The Ohio Department of Agriculture received 198 applications for hemp production licenses for the 2020 growing season, the state’s first shot at a legal hemp market. It may be a lower number than industry stakeholders expected, but certain elements of the Ohio climate and the regulatory landscape may offer great promise.
Craig Schluttenhofer, research assistant professor at Central State University in Xenia, Ohio, says that the state’s glaciated soils will be nice for the crop. At the eastern edge of the Corn Belt, great swaths of Ohio’s landscape will be terrific for hemp. There are wet regions in the state, but, by and large, the long growing season should prove beneficial to the hemp crop.
“We do have a good amount of seasonal moisture, but at the same time it’s not an excess during the natural growing season,” he says.
Notably, Ohio will be operating under the federal guidance of the 2018 Farm Bill. Many states—including major players in the industry, like Kentucky, Oregon and Colorado—are continuing this year to work under 2014 Farm Bill pilot program auspices. The differences between those states’ pilot program oversight measures and the 2018 Farm Bill can be vast. This may give Ohio farmers a leg up on the competition, Schluttenhofer says.
Next year, before the 2021 growing season really gets under way, those other states will need to get in line with the 2018 Farm Bill. Schulettenhofer says that this first year may give Ohio an advantage; the switch to the new regulations will be a complex adjustment.
“All of those programs now have to re-educate their growers and re-adjust to how they’re doing things,” Schluttenhofer says. This adjustment involves “hot” crop testing (for THC content) and other processing issues.
With a bit of a regulatory advantage and a sort of cautious trial run in the works for 2020, Schluttenhofer says that the market will continue to dictate what Ohio growers do this year. He says that ongoing economics issues (oversupply in the CBD extraction market, mostly) may have kept the applications number low, but there’s great promise on the hemp grain and hemp fiber production side of the business. It’s just that the market infrastructure isn’t really available yet.
“We don’t want growers getting into something where they’re going to lose money,” he says. He advises anyone with a license this year to start small and make sure that they’ve got the necessary storage space for drying and the necessary contracts in place for processing. Right now, processing on the grain and fiber segments of the industry is few and far between. Most prospective hemp growers in Ohio seem to be poised for CBD extraction, Schluttenhofer says, but the supply curves in that market segment are tricky.
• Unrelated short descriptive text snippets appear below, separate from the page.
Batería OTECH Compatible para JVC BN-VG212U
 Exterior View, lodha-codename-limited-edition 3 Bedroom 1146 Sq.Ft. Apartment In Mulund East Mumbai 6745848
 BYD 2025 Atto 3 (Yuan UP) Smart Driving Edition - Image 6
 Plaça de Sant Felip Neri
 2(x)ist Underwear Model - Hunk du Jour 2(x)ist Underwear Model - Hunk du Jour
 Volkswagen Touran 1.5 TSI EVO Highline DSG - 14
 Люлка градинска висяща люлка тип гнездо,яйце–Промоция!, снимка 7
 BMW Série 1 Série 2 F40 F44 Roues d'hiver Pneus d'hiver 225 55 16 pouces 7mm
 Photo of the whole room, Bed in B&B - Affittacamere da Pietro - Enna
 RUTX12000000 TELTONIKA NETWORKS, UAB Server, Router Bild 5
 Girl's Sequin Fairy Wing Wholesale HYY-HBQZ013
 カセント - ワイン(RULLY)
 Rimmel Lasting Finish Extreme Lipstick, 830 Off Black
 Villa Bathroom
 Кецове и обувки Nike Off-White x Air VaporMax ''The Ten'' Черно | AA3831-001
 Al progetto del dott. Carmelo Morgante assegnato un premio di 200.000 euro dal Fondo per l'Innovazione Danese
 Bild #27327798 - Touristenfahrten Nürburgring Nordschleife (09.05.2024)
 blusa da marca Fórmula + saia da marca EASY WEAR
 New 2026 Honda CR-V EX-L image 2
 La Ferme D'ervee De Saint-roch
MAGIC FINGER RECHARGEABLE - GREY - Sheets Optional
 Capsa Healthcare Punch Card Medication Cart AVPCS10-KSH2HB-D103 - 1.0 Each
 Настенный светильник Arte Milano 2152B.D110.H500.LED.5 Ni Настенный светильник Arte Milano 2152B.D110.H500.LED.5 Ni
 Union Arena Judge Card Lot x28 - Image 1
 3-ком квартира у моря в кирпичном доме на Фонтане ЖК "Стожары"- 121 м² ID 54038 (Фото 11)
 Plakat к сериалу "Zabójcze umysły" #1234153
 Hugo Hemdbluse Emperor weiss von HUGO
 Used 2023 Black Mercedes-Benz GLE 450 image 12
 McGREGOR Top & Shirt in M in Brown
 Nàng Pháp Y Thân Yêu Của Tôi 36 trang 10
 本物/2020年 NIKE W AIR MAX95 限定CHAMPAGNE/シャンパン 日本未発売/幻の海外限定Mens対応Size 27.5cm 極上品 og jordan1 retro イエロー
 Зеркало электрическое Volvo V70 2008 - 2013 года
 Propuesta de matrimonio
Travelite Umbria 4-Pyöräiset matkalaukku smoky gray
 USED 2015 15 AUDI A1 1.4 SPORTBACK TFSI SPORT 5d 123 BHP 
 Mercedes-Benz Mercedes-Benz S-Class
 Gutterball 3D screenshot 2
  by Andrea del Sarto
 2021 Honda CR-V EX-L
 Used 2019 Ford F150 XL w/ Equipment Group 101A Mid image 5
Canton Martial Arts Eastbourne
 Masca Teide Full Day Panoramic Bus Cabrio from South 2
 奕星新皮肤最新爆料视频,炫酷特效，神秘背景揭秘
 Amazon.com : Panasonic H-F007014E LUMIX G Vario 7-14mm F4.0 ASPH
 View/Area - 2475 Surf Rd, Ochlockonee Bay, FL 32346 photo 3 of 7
But once consumer demand triggers developments in processing infrastructure, Schluttenhofer believes that opportunities will be plentiful.
It’s important to consider the different needs of crops grown for those different end markets: grain, fiber, cannabinoid extraction. Harvest time is critical, where there’s a fine balance between being too early and too late in harvesting for grain (or between being “hot” or not in CBD extraction compliance).
For the fiber segment, the genetics alone are difficult to source. Schluttenhofer says that good fiber genetics largely went extinct. What was grown in Kentucky decades ago is not available to modern hemp growers. “We have to re-develop all that,” he says. That in itself is looking like a promising trajectory in Ohio.
“In the long run, a lot of us think that fiber is going to the be the major crop, in terms of number of acres produced,” Schluttenhofer says.